─── DATA LISTING ───

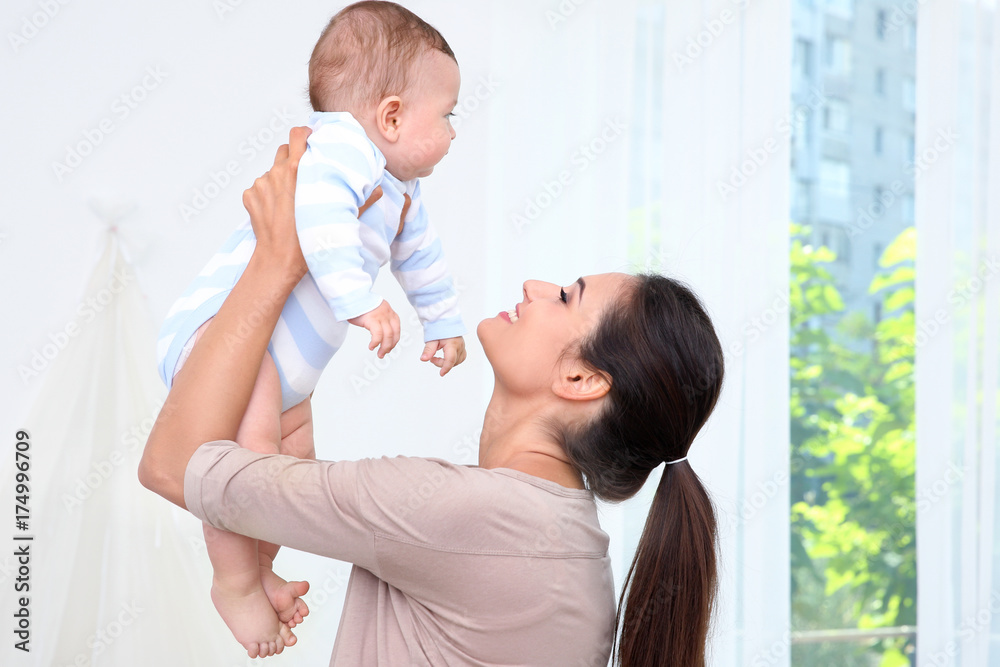Mother holding cute baby after bathing at home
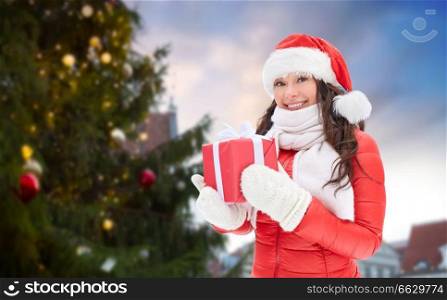 people, season and leisure concept - happy woman in santa hat with gift over christmas tree at tallinn old town hall square background. happy woman with gift over christmas tree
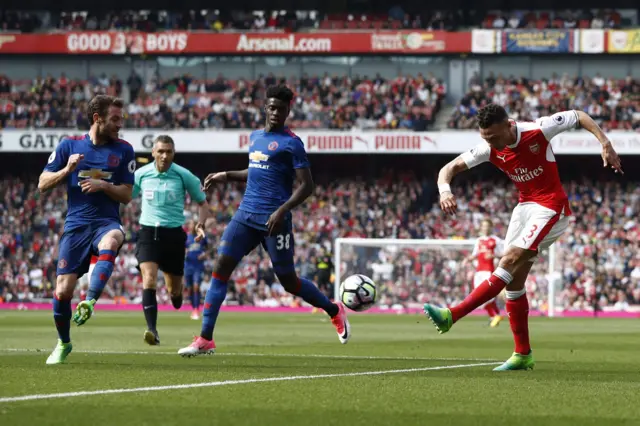 Kieran Gibbs fires past Axel Tuanzebe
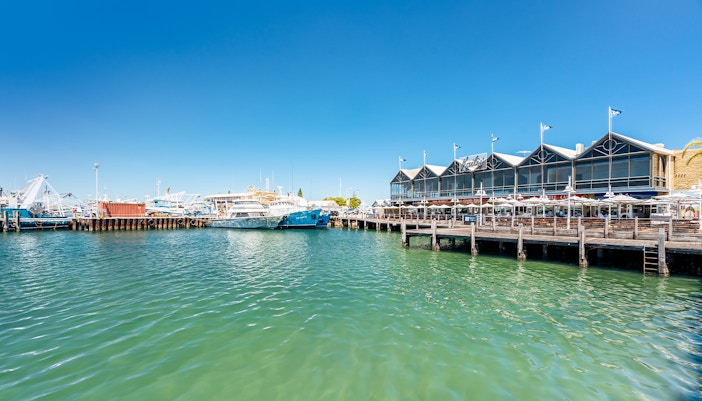 Fremantle Harbour with boats docked and waterfront buildings, Australia.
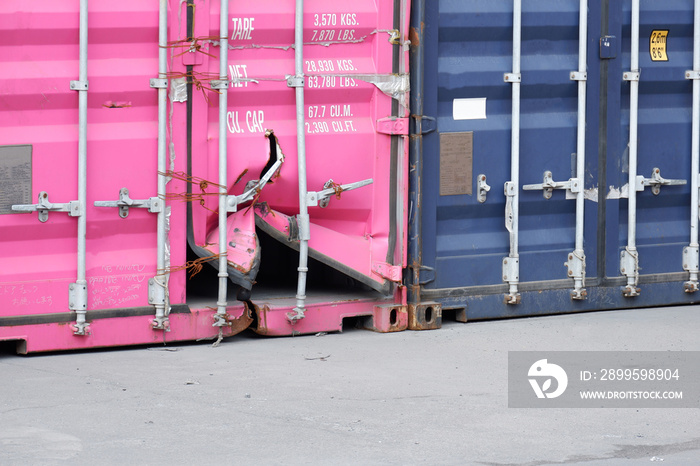 Shipping containers are stacked at the port. one of them is damaged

───

> **WHAT IS REQUIRED**:
Exactly the lines from the one holding "Fremantle Harbour with" through the last line of the entries must be set down, with nothing added and no pictures.

> **ANSWER TO THIS TASK**:
 Fremantle Harbour with boats docked and waterfront buildings, Australia.
 Shipping containers are stacked at the port. one of them is damaged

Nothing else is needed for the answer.